2004-01-28 Thread stairwaymail-mysql
So should we always use InnoDB over BerkeleyBD? I was
under the impression Berkeley was faster and better at
handling transactions.

Dan

-Original Message-
From: Bruce Dembecki [mailto:[EMAIL PROTECTED]
Sent: Wednesday, January 28, 2004 11:01 AM
To: [EMAIL PROTECTED]
Subject: Re: Memory Problems on a G5/OSX/MySql4.0.17


 I don't think there would be any benefit to using
InnoDB, at least not
 from a transaction point of view

For the longest time I was reading the books and
listening to the experts
and all I was hearing is InnoDB is great because it
handles transactions.
Having little interest in transactions per se I pretty
much started tuning
things out whenever people mentioned InnoDB.

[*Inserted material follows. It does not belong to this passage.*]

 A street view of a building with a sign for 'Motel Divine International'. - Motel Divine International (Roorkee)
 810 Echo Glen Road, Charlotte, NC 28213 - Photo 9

One day when talking to some MySQL AB folks they asked
why I wasn't using
InnoDB... I kind of looked at them blankly and replied
that I don't need
transactions, and they looked back as if I was mad.

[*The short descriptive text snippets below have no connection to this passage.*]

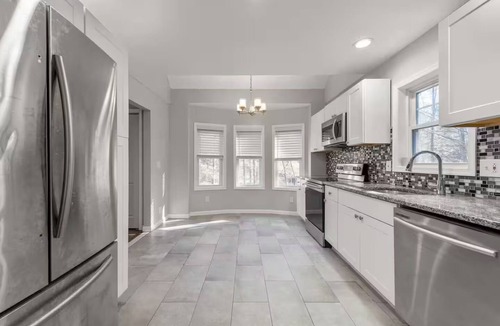 East Stroudsburg House | Pocono, Minutes to skii parks, Hot Tub, Fire Pit, Games, Private space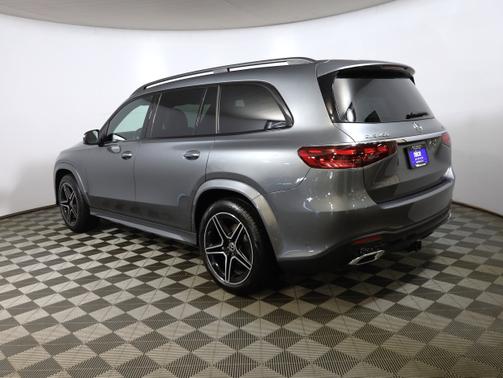 2025 Mercedes-Benz GLS 450 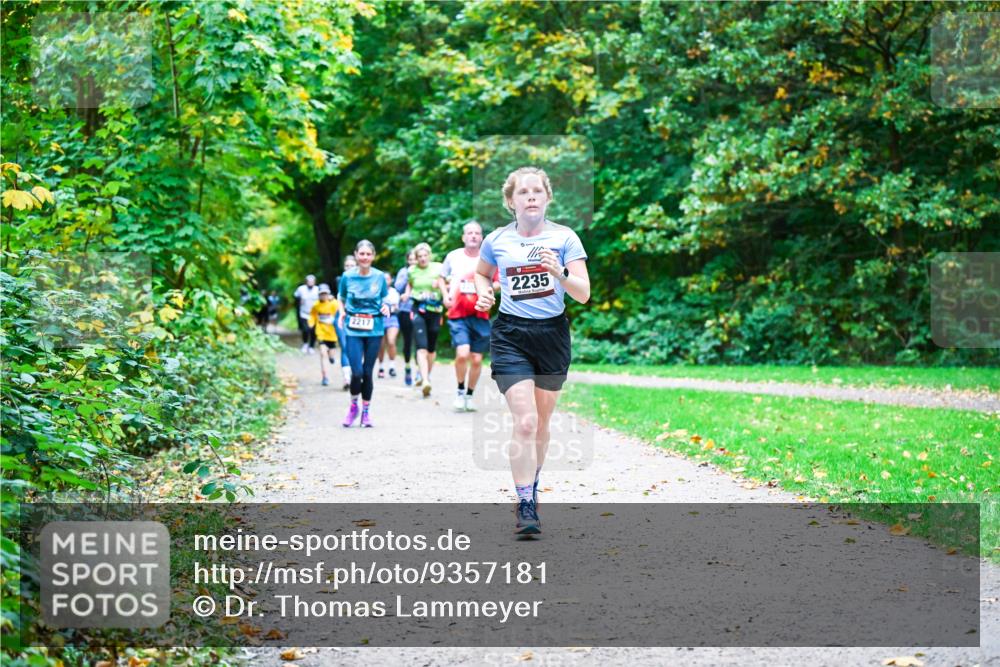 12.10.2025 - Bramfelder Halbmarathon 2025 Dr. Thomas Lammeyer http://msf.ph/oto/9357181 12.10.2025 11:00:00 Laufen 2217, 2235 meine-sportfotos.de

Turns out InnoDB is far better at handling large
databases than MyISAM, we
had a massive (and I do mean massive) increase in
performance just by
switching to InnoDB. Uses a little more disk space,
but it's worth it, and
with a 5GByte database and a G5 server you have room
to spare, even if you
only got the smaller disks.

InnoDB is a major thing for us now, everything is
InnoDB. If an Engineer
complains something they have done is running slowly
it usually turns out to
be they made some new thing and didn't make the table
InnoDB. The fix is
easy and quick. I also suspect that you could do away
with that nightly
table repair that ties up the machine for hours at a
time if you were using
InnoDB.

We have 4 G5 towers serving MySQL for us, all DP2GHz
machines with 4GBytes
of RAM. If your data is changing rapidly, as it
appears from your samples
most pages include some sort of insert, you will have
limited benefit from
the Query cache - every time a table receives any type
of change to it's
data any queries in the query cache that use that
table are dumped. In
February we are adding to the mix with 2 G5 XServes...
These are for new
projects, the current servers are handling their loads
fine.

On the Disk side we got the dual 250GBytes and
mirrored them for redundancy,
speed isn't an issue as far as we can tell.

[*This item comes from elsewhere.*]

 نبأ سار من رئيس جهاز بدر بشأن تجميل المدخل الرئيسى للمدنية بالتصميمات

We chose to replace our old database servers with G5s.
The old machines were
quad processor Sun boxes, and one was an 8 CPU
machine. The G5s left them
all for dead in terms of performance, although I'd
prefer a couple of extra
processors, something inside me still feels better
knowing that when a
process goes AWOL it's not holding up 50% of the
server's resources. The
Application servers are still typically Sun, although
new ones won't be.

We average about 140 Queries per second per machine
(of course the load
isn't that well distributed... but it gives you an
idea), and typical high
points are about 400 - 500 qps on any given machine
without stressing the
machines (replication catch up can see 1500 - 2000
queries per second, but
that's not so common and of course is mostly inserts).

Before we did the upgrade to 4.0.17 during last
Friday's maintenance window
we were over 1.5 billion queries total for the 28 days
the machines had been
up.

So.. My tips for you:

1) Consider a switch to InnoDB, the performance hit
was dramatic, and it's
about SO much more than transactions (which we still
don't do)!

2) Drop the query cache to something more practical, a
gigabyte is fine if
your data is static, if it's not it's way too much. We
use 128MBytes and
typically have about a 30% hit rate on the Query cache
and the busiest
server is showing 80MBytes unused memory in the query
cache and a 41% hit
rate, and our databases take about 40G of disk space.
Remember having a big
query cache doesn't help if it's mostly sitting unused
(in fact if ours are
still sitting with 80M free in a week I'll drop all of
them 64MBytes).

3) Give lots of memory to InnoDB, I'll share my
settings below.

4) Take most of the non InnoDB memory settings and
drop them down real low,
InnoDB does well on it's own and if you convert all
tables you don't need to
leave much in the way of resources for MyISAM.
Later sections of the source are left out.